*** Raw data ***
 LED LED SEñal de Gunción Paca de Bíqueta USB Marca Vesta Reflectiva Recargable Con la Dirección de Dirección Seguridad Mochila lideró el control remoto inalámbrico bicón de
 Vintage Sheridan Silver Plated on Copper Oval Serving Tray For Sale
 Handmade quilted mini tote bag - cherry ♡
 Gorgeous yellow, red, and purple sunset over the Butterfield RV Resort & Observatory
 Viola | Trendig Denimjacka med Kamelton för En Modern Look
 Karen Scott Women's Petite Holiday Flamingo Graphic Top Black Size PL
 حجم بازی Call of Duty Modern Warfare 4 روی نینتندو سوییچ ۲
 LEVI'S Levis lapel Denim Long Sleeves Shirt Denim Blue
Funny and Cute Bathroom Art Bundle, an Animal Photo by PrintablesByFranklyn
*** End of Raw data ***
*** Raw data ***
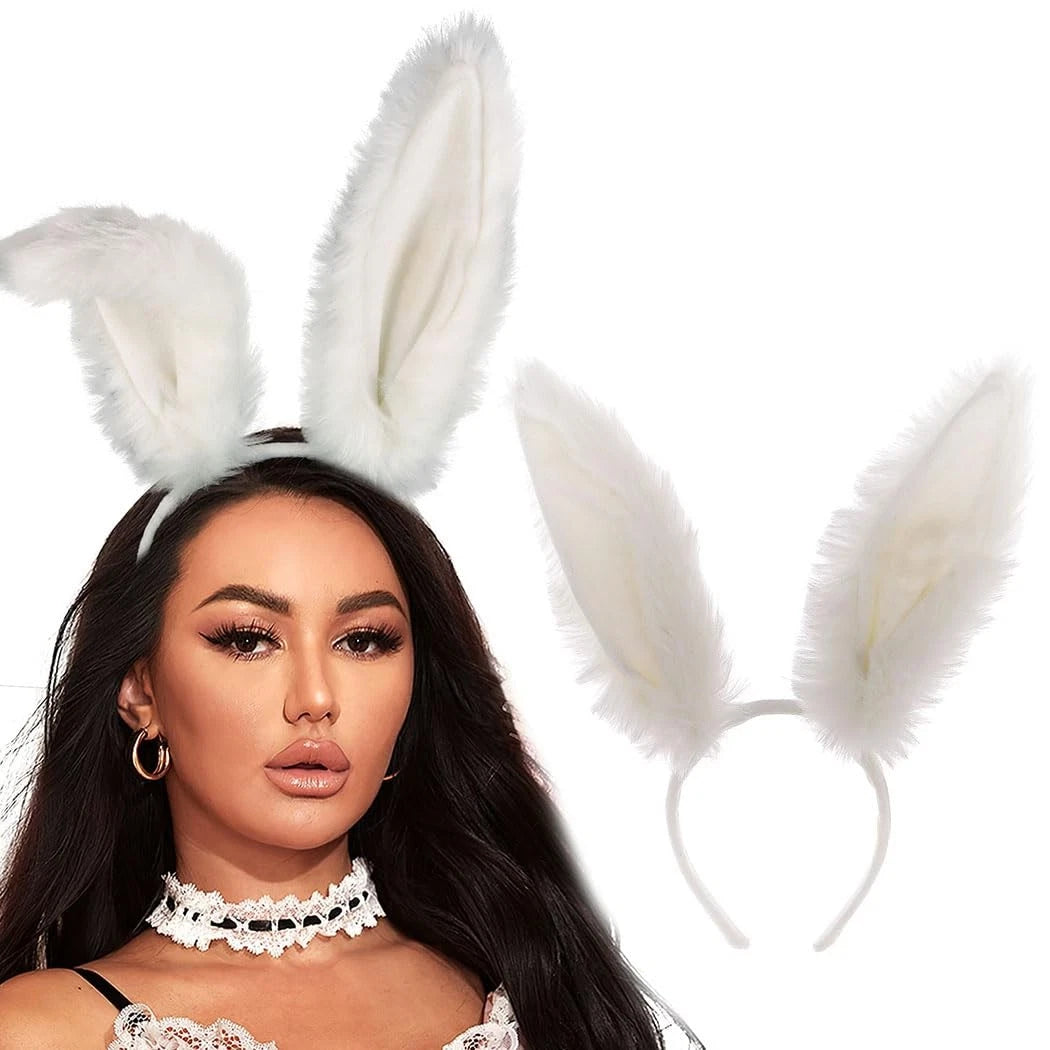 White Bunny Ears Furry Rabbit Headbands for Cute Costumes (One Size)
*** End of Raw data ***
Problem details. Copy the stretch of the records above that runs from the line with "LED LED SEñal" through the line with "Funny and Cute". Both end lines belong in the copy, and nothing else does.

Exercise solution.
 LED LED SEñal de Gunción Paca de Bíqueta USB Marca Vesta Reflectiva Recargable Con la Dirección de Dirección Seguridad Mochila lideró el control remoto inalámbrico bicón de
 Vintage Sheridan Silver Plated on Copper Oval Serving Tray For Sale
 Handmade quilted mini tote bag - cherry ♡
 Gorgeous yellow, red, and purple sunset over the Butterfield RV Resort & Observatory
 Viola | Trendig Denimjacka med Kamelton för En Modern Look
 Karen Scott Women's Petite Holiday Flamingo Graphic Top Black Size PL
 حجم بازی Call of Duty Modern Warfare 4 روی نینتندو سوییچ ۲
 LEVI'S Levis lapel Denim Long Sleeves Shirt Denim Blue
Funny and Cute Bathroom Art Bundle, an Animal Photo by PrintablesByFranklyn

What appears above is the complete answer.